Word for word, transcribe the lines below and drop the pictures.
[Opening Data provided section]
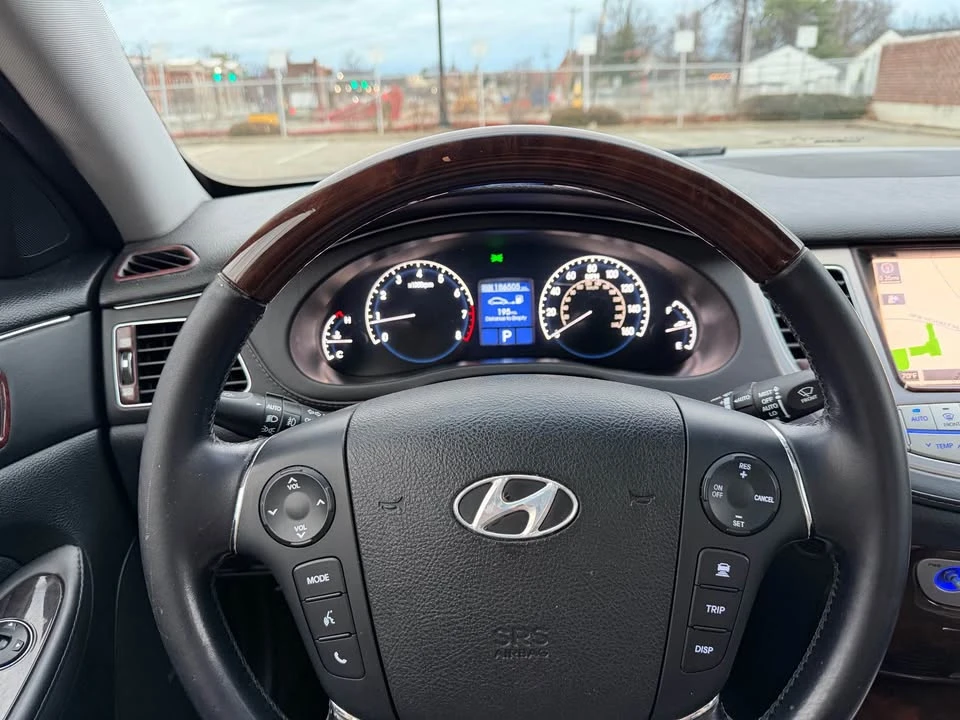 2011 Hyundai Genesis - Image 19 of 19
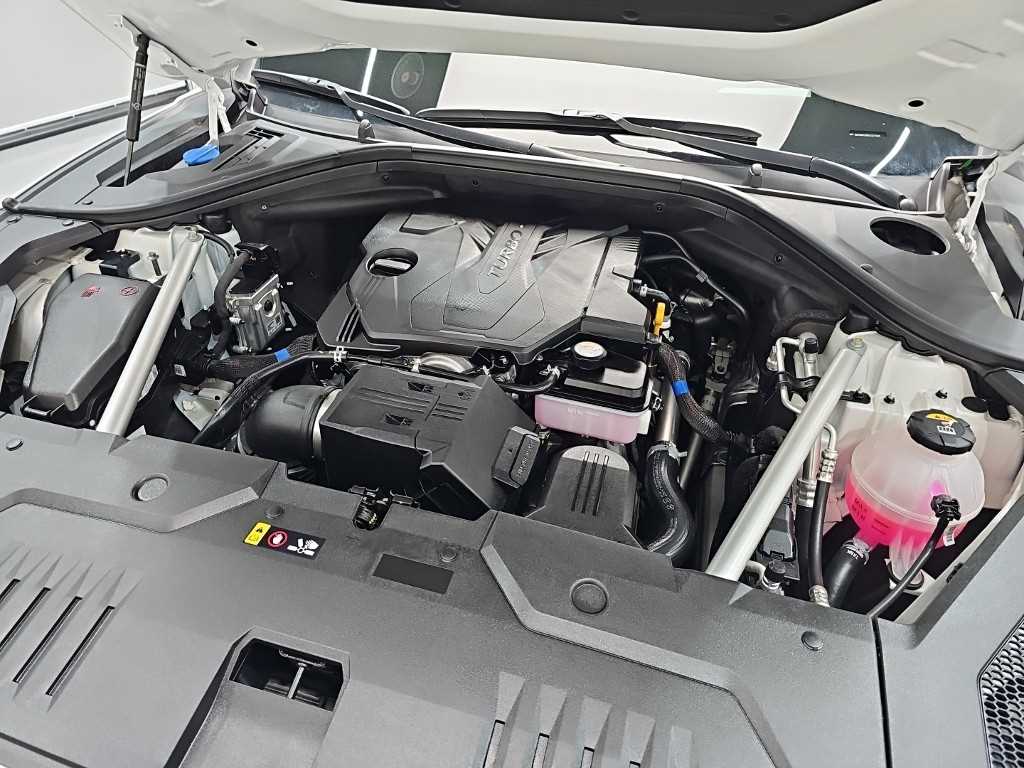 Genesis GV70 - Vista 5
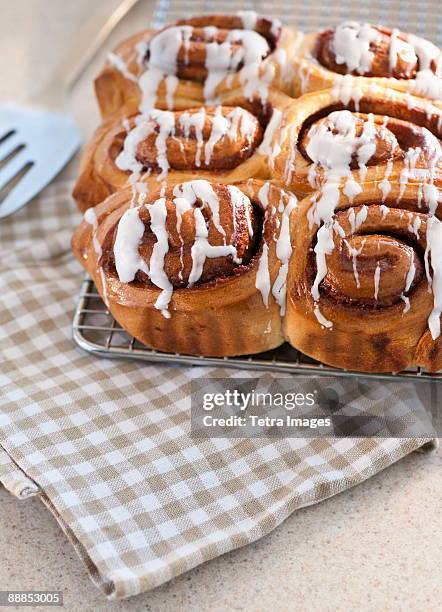 cinnamon buns - bollo dulce fotografías e imágenes de stock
[Closing Data provided section]
◆ Result for this exercise:
 2011 Hyundai Genesis - Image 19 of 19
 Genesis GV70 - Vista 5
 cinnamon buns - bollo dulce fotografías e imágenes de stock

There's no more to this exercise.